HD-NSA: A real-valued negative selection algorithm based on hierarchy division

Abstract

The negative selection algorithm (NSA) is an important algorithm for generating immune detectors in artificial immune systems. However, the original NSA randomly generates candidate detectors that produce a large number of redundant detectors, and it is difficult to cover the entire antibody space. Moreover, the randomly generated candidate detectors have to be compared with all the self-sets; therefore, the inefficient generation of the detector seriously influences the application of NSA. To overcome these defects, a real-valued NSA based on hierarchy division (HD-NSA) is proposed. First, the feature space is divided into self and non-self subgrids, and the center point of the non-self subgrid is specified as the candidate detector, and the specified candidate detector is compared with the self-antigens located in adjacent subgrids rather than with all the self-sets.

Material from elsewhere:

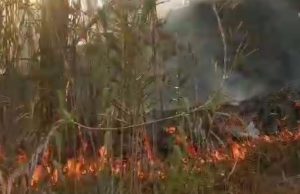 INCENDIO FORESTAL AFECTA BOSQUE DE PINOS EN LA COMUNIDAD DE COCHOPAMPA.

Theoretical analysis demonstrated that the HD-NSA can effectively reduce the time complexity of the NSA algorithm. Furthermore, experiments on the Abalone data set show that the detector training time of HD-NSA decreased by 97.9%, 71.2%, 56.9% and 90.1%, respectively, compared with the classical RNSA, V-Detector, GF-RNSA and BIORV-NSA, whereas the detector detection rate increased by 50%, 25.8%, 13.8% and 10.5%, respectively.